自分はある種のネット依存なので、毎日驚くほど様々なトピックをネット上で目の当たりにして、あれこれ考えては疲れ果てている。そのことに嫌気がさしてついyoutube等のこれまたどうでもいいショート動画などを見てしまう。

考えすぎたら考えなくさせ、考えなさすぎたら考えさせる。いったい自分でも何をやっているのかよくわからない。そしてそれをすべてインターネットを使ってやっているのが一番よくないのだろう。一応断っておくが、自分も現実世界では仕事もしているし、休日に出かけることもある。ただ、最近少し体調不良で、そのサイクルがうまくまわらなくなってしまっていることも事実。

大量のコンテンツの山の中で、私が最近ちょうどいい気分で見ることができているのがこの「いちばんすきな花」というドラマだ。このドラマの脚本家の方の前作はとても有名で、私も配信で見たが、実はそちらの作品はあまりハマらなかった。今作は楽しく鑑賞している。とはいっても決してわかりやすい恋愛ドラマというわけではないので、いわゆる「何も考えずに見られるドラマ」というわけでもないと思う。

おおざっぱに言えばこの作品の主要登場人物4人はみな、世間一般で言われる人間関係の枠にはまれずに生きてきた人たちだ。恋人を作る、友達を作る、学校のクラスや職場の同僚とほどほどに仲良くする、そういったことが苦手な人たちだ。
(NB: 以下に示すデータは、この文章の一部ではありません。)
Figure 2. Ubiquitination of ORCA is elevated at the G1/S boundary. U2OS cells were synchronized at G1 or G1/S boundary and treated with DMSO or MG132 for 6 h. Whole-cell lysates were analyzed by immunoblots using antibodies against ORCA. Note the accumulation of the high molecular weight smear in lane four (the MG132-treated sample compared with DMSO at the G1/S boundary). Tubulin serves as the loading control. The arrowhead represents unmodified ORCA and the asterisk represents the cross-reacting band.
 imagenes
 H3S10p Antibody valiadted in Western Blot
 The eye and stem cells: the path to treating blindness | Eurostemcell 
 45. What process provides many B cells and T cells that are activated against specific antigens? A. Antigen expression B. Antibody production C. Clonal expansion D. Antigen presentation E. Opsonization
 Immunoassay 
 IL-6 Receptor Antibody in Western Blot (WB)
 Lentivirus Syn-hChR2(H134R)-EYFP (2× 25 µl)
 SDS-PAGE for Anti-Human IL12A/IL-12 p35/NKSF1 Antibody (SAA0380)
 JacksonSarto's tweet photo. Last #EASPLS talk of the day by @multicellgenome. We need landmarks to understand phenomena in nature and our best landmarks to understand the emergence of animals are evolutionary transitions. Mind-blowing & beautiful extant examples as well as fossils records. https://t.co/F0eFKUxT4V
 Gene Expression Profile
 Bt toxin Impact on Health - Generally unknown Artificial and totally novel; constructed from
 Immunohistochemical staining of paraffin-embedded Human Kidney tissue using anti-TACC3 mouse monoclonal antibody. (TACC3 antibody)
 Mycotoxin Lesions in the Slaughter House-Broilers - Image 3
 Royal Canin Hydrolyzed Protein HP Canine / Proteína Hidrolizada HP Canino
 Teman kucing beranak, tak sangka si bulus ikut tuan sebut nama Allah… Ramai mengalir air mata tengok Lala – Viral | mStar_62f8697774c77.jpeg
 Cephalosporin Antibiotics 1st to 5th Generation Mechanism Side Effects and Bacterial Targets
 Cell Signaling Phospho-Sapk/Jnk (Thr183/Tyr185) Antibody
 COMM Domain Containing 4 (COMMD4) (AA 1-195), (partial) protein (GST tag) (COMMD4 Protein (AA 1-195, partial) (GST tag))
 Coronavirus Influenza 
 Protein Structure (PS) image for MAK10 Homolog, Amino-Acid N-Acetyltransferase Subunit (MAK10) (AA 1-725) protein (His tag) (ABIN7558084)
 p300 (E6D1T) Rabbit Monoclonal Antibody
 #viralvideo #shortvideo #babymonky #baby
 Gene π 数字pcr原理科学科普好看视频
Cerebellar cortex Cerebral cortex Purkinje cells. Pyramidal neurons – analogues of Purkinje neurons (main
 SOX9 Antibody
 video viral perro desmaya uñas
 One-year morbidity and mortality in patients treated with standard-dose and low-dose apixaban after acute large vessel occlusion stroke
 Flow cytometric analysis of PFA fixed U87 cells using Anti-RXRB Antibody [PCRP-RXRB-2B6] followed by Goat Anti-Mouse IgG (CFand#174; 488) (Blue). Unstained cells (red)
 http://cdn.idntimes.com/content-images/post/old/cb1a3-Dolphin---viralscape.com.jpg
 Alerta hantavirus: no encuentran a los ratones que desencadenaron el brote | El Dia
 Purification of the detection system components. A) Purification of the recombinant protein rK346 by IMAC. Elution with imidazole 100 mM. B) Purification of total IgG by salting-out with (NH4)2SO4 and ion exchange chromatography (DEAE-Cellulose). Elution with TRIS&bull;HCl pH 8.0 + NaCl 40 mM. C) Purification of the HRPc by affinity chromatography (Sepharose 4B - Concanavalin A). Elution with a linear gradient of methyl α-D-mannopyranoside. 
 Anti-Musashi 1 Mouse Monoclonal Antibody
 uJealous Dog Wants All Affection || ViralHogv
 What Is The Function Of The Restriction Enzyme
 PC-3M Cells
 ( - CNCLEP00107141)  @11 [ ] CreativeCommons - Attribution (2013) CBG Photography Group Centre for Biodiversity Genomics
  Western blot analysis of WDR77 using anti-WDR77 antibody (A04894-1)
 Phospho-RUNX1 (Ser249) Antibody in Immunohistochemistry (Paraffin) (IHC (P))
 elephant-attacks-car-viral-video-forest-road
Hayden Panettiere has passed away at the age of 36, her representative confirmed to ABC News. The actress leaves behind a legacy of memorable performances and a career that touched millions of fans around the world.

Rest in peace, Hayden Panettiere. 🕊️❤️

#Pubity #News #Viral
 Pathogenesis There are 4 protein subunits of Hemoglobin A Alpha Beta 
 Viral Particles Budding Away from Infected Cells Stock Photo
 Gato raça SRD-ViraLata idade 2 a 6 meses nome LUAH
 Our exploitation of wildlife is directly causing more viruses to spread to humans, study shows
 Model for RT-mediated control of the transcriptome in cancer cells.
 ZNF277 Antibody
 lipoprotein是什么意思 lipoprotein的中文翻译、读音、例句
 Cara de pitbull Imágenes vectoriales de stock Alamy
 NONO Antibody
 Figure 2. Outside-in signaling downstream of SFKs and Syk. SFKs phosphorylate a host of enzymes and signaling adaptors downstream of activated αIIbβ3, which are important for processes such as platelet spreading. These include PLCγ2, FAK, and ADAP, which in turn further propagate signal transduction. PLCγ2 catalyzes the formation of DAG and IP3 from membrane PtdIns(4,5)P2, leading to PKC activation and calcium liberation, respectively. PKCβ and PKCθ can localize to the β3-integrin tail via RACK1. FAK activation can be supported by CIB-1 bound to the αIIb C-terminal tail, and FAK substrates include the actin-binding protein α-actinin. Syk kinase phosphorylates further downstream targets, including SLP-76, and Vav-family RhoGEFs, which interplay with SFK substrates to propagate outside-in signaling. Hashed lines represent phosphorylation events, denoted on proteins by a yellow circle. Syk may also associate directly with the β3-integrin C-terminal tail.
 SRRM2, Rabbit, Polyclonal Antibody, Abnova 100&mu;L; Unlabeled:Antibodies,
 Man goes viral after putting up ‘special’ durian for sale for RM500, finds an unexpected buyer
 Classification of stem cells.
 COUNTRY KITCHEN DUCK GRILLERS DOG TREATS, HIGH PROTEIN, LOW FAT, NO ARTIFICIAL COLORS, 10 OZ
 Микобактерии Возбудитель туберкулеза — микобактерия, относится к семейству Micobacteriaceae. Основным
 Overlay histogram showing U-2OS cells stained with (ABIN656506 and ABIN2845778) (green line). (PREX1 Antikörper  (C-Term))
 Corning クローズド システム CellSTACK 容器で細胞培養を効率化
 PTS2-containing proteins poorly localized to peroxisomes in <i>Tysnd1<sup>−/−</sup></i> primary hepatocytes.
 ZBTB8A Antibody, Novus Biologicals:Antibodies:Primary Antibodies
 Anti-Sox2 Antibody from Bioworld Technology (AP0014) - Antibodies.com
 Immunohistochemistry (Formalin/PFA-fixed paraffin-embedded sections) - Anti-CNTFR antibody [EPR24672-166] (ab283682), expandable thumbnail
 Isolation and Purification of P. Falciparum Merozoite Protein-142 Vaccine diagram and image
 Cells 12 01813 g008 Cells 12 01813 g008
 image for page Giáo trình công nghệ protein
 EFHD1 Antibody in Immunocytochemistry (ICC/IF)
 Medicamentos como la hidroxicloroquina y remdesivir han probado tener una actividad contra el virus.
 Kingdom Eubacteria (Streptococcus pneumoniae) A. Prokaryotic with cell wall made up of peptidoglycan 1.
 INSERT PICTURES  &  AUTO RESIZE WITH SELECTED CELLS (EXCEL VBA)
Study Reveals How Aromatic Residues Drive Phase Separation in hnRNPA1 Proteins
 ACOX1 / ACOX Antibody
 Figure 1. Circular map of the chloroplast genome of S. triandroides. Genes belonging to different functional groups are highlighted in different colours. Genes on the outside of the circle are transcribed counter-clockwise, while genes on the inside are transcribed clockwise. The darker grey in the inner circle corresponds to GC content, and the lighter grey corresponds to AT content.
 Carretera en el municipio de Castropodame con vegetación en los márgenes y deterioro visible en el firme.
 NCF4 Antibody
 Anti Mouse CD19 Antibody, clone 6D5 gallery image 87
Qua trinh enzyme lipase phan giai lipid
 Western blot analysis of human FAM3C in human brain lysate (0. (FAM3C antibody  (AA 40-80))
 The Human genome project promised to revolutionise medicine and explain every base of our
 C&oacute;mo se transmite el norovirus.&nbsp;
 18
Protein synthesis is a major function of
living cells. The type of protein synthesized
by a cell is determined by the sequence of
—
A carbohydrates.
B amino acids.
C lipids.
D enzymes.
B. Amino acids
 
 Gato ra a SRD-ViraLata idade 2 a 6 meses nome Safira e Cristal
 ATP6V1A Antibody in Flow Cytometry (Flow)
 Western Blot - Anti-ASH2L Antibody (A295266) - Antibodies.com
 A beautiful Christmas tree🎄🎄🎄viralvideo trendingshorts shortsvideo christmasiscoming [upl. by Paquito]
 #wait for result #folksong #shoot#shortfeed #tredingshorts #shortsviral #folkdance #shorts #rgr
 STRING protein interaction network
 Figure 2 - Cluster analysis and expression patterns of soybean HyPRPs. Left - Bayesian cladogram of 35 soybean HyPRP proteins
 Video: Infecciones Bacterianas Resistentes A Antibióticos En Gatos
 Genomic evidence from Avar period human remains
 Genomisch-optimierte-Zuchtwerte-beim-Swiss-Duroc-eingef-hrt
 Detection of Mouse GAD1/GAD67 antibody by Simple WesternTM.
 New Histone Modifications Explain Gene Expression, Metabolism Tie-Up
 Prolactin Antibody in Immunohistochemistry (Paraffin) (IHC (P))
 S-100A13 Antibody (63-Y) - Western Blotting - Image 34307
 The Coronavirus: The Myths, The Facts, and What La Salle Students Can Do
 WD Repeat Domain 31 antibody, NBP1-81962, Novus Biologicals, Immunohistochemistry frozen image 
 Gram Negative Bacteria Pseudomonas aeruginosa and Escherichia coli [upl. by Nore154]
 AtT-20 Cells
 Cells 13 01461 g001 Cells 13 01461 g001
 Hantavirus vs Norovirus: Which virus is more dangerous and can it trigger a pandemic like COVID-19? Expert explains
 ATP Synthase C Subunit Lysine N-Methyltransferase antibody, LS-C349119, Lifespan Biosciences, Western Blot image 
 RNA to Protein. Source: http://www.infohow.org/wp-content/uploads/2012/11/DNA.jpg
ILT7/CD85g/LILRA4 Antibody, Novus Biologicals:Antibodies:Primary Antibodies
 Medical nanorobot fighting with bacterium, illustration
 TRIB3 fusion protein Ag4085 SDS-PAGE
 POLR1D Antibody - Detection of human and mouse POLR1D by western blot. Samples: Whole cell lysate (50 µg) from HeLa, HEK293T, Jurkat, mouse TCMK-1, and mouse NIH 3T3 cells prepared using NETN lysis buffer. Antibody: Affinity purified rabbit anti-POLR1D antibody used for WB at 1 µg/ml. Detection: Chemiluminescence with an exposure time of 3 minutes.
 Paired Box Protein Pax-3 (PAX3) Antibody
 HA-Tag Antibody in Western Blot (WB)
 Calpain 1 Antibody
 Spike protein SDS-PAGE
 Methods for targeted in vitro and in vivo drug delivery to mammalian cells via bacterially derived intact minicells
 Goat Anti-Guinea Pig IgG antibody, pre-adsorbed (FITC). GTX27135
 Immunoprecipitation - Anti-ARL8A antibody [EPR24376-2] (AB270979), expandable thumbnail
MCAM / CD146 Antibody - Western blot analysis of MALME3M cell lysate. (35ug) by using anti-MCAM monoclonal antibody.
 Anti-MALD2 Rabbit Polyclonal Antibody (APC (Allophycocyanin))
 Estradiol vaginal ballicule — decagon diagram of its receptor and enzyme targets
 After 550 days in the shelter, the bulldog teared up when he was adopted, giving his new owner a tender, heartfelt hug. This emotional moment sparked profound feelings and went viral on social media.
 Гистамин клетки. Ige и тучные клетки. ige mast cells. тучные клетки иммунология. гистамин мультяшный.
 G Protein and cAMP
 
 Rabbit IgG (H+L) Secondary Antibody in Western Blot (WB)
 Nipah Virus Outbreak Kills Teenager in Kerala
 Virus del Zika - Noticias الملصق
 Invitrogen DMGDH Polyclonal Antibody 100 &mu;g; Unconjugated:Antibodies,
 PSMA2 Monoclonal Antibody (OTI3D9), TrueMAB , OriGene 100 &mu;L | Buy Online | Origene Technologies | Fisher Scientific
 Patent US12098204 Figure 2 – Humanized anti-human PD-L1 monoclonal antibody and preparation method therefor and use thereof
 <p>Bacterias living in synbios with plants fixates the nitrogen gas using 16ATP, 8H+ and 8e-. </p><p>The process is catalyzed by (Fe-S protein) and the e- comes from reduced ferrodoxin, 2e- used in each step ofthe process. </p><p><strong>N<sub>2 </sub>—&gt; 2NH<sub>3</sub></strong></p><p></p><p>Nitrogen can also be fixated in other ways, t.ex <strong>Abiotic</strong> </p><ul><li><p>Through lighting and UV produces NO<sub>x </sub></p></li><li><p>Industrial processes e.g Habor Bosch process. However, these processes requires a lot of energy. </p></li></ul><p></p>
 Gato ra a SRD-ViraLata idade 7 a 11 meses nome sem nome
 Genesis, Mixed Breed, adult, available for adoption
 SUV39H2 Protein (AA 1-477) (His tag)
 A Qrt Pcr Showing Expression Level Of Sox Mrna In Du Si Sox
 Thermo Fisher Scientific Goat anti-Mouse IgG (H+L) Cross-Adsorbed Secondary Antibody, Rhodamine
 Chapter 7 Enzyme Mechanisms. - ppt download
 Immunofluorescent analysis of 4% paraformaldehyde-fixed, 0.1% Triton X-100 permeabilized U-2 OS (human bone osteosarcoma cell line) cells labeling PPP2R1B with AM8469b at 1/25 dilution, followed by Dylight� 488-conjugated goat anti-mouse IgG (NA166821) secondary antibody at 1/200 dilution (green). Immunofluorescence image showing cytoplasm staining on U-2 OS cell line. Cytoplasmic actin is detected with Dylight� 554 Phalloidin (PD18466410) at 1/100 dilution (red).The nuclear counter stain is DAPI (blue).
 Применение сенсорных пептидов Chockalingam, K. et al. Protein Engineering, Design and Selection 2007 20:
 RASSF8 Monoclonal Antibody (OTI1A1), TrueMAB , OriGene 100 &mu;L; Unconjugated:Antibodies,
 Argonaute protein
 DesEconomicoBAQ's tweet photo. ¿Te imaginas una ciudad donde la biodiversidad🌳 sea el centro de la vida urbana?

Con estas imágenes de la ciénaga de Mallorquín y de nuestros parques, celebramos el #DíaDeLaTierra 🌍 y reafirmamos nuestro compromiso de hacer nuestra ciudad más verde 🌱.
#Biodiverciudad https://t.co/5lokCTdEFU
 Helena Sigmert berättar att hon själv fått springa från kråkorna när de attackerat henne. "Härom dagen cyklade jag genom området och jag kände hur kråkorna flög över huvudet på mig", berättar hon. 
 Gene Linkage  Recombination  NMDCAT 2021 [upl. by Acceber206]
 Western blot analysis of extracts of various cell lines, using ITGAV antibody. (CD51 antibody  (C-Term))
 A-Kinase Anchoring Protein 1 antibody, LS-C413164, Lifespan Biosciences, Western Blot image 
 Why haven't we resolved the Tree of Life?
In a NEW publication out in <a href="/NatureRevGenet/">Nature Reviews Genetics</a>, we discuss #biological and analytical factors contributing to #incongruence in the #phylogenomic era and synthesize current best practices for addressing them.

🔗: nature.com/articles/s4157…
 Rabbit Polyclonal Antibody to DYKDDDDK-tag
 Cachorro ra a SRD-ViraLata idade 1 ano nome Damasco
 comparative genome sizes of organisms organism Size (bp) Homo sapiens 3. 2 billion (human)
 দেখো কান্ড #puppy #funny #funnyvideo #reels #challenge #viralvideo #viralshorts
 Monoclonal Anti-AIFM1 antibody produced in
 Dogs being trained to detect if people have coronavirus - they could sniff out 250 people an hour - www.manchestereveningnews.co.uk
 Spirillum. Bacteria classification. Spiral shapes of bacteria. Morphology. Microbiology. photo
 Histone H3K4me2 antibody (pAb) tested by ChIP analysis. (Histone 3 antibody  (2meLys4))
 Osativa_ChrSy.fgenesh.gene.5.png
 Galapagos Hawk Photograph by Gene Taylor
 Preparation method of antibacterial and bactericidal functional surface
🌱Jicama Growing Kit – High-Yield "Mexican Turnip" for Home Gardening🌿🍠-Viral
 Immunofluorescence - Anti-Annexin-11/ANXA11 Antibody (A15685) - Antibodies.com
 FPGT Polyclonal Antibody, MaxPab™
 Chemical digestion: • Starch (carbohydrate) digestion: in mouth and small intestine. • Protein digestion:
そしてそんな彼らを「傷つきやすい心優しい人間」として描くと見せかけて、まったくそんなこともない。例えば椿。優しい見た目と雰囲気、新居が決まった後に婚約破棄されても怒らない、職場で頼まれた仕事はなんでもやる、そんな良い人要素しかない人物だが、自分のことをこんな風に言う。「自分は本当はしゃべるのが好きだけど、しゃべると変な人と言われる。でも黙ってると何考えているかわかんないと言われる。だから本当にしゃべりたいことは初対面の人にしゃべる」。実際椿は、美容師(夜々)との雑談で「お花好きですか?」と聞かれて「花は好きですけど、花屋は嫌いです」と言い始め、滔々と自分語りをしだしたりする。「(あぁ…めんどくさそうな人だな)」と他人に思わせるには十分だ。

そんなめんどくさくて人間味溢れる彼らを見ていると、不思議と心が和む。一応恋愛ドラマ的な描写もあるにはあるのだが、「二人組が苦手」な彼らが好きな人と付き合えてめでたしめでたしとなるとも思えないし、そういう意味では展開の読めないストーリーでもある。やはり『カルテット』(坂本裕二)的なミステリ要素が絡んでくるのか?

仲野太賀にはまだまだ出演してほしい。